In questa visione computerizzata della sanità, per quanto riguarda i bimbi morenti, per esempio, non si tiene conto dei problemi complessi che essi presentano, anche dal punto di vista psicologico e sociale e della ‘carta di Trieste’ (Cfr. Carta dei diritti del bambino morente – Carta di Trieste su vari siti), ritenendo che per fare un hospice pediatrico bastino 800.000,00 euro e qualche posto letto. Per quanto riguarda poi la ‘carta di Trieste’, e vi garantisco che si chiama proprio così, essa contiene l’elenco dei diritti di questa tipologia di bimbi, che non possono venir curati. Perché le cure palliative sono rappresentate da una serie di farmaci che limitano il dolore e la paura, ma che non curano, e questi minori hanno pure bisogno di un sollievo psicologico, di un accompagnamento reale, di morire nel proprio letto, con gli oggetti cari accanto, con le persone care vicino, non in una struttura fredda, igienica, circondati da oss e personale sanitario, che dovrebbe rappresentare quella perfezione che rende tutto di ghiaccio. Perché la politica sa bene, anche se dichiara altro, che in un hospice, pediatrico o meno, si va a morire, non a farsi curare.
Ed «è il bambino […] che paga il conto più alto: subisce e vive in prima persona il peso della malattia e della inguaribilità, della separazione, della perdita del futuro e non infrequentemente della solitudine e di tutto quello che la malattia determina, delle proprie paure e dei propri pensieri». (carta-dei-diritti-del-bambino-morente, in: https://www.fondazionemaruzza.org/, p. 8).

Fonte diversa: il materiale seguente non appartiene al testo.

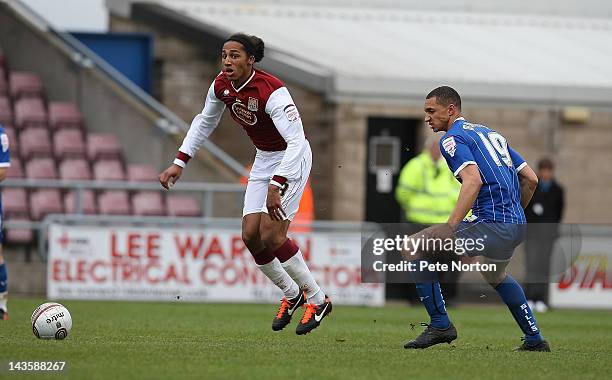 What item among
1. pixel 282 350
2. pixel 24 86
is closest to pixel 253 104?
pixel 282 350

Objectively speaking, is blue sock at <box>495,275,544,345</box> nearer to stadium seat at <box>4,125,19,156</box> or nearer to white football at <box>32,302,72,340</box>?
white football at <box>32,302,72,340</box>

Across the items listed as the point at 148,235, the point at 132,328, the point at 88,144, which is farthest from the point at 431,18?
the point at 132,328

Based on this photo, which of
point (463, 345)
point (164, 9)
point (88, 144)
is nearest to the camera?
point (463, 345)

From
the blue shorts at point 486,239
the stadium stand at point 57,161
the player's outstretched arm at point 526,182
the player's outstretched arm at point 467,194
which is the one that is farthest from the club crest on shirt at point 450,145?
the stadium stand at point 57,161

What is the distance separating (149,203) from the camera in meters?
19.2

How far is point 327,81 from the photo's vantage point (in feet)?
68.3

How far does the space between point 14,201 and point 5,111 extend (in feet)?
8.66

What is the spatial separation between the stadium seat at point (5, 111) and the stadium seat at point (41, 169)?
104 cm

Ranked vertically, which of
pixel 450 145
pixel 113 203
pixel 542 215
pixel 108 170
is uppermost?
pixel 450 145

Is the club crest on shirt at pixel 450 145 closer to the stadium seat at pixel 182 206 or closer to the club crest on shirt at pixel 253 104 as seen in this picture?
the club crest on shirt at pixel 253 104

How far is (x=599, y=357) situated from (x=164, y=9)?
49.2 ft

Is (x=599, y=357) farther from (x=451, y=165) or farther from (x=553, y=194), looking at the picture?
(x=553, y=194)

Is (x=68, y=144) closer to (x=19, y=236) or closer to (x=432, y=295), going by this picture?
(x=19, y=236)

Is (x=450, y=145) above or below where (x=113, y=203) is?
above
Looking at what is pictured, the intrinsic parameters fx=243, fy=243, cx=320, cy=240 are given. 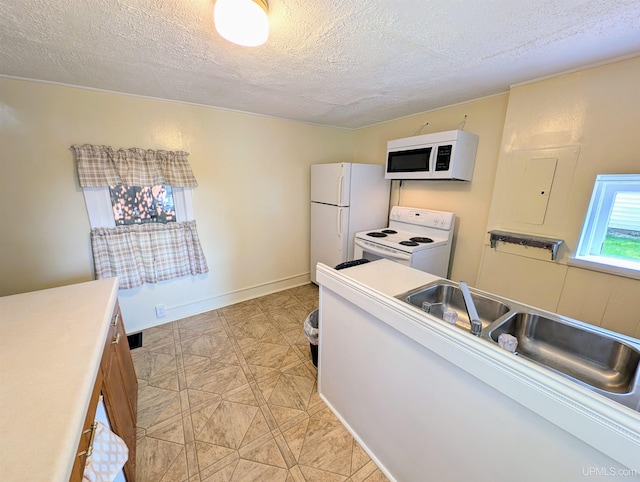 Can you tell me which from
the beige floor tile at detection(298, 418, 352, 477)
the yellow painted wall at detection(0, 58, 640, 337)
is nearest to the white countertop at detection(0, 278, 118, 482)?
the yellow painted wall at detection(0, 58, 640, 337)

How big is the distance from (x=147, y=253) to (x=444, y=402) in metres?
2.69

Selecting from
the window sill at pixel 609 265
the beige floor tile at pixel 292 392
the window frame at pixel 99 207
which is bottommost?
the beige floor tile at pixel 292 392

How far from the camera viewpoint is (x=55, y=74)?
1.75 meters

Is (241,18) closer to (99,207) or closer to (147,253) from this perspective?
(99,207)

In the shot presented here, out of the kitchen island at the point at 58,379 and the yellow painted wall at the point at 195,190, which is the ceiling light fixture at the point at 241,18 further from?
the yellow painted wall at the point at 195,190

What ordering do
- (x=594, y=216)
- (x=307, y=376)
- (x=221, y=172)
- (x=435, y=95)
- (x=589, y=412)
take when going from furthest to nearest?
(x=221, y=172)
(x=435, y=95)
(x=307, y=376)
(x=594, y=216)
(x=589, y=412)

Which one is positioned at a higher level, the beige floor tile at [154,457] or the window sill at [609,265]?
the window sill at [609,265]

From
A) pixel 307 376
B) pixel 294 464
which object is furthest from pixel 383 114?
pixel 294 464

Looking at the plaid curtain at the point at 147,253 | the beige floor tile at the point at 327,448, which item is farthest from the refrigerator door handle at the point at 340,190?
the beige floor tile at the point at 327,448

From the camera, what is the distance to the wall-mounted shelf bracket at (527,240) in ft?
5.89

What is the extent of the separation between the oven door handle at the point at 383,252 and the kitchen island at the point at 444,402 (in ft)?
2.31

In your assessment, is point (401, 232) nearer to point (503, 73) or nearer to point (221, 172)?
point (503, 73)

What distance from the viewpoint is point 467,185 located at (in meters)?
2.45

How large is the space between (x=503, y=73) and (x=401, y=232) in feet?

Ed ai punti 8 e 9 di detta carta, si può leggere che il bimbo inguaribile ha il «diritto di avere accanto la famiglia e le persone care adeguatamente aiutate nell’organizzazione e nella partecipazione alle cure e sostenute nell’affrontare il carico emotivo e gestionale provocato dalle condizioni del bambino, e di essere accudito e assistito in un ambiente appropriato alla sua età, ai suoi bisogni ed ai suoi desideri e che consenta la vicinanza e la partecipazione dei genitori», non solo di un posto letto. Ma come pensano Fedriga e Riccardi di creare un hospice, decentratissimo rispetto al resto della Regione, solo con 800.000,00 euro, quando sono stati dati 5 milioni per il municipio di Forni di Sopra, dove si poteva sistemare il vecchio edificio con minor spesa, e 2 milioni dallo stato per una fontana, che non ha nulla di diverso da tante altre, e una pavimentazione con pietre dure per la piazza di Tolmezzo? Valeva invero la pena di concedere quella somma per potenziare un minimo le oncologie pediatriche, cercando di ottimizzare pure la rete di interventi territoriali per i minori, si spera pochissimi, tragicamente ammalati. Inoltre come non notare il comportamento quanto meno curioso dell’assessorato regionale alla sanità quando prima taglia servizi al Centro bimbi del Gervasutta, costringendo alcuni genitori a curare i loro figli a pagamento, per pretendere poi di creare, con una cifra irrisoria, un nuovo hospice pediatrico a Trieste? (Cfr. https://www.friulioggi.it/udine/liguori-denuncia-riduzione-servizi-centro-bambini-gervasutta-4-maggio-2021/).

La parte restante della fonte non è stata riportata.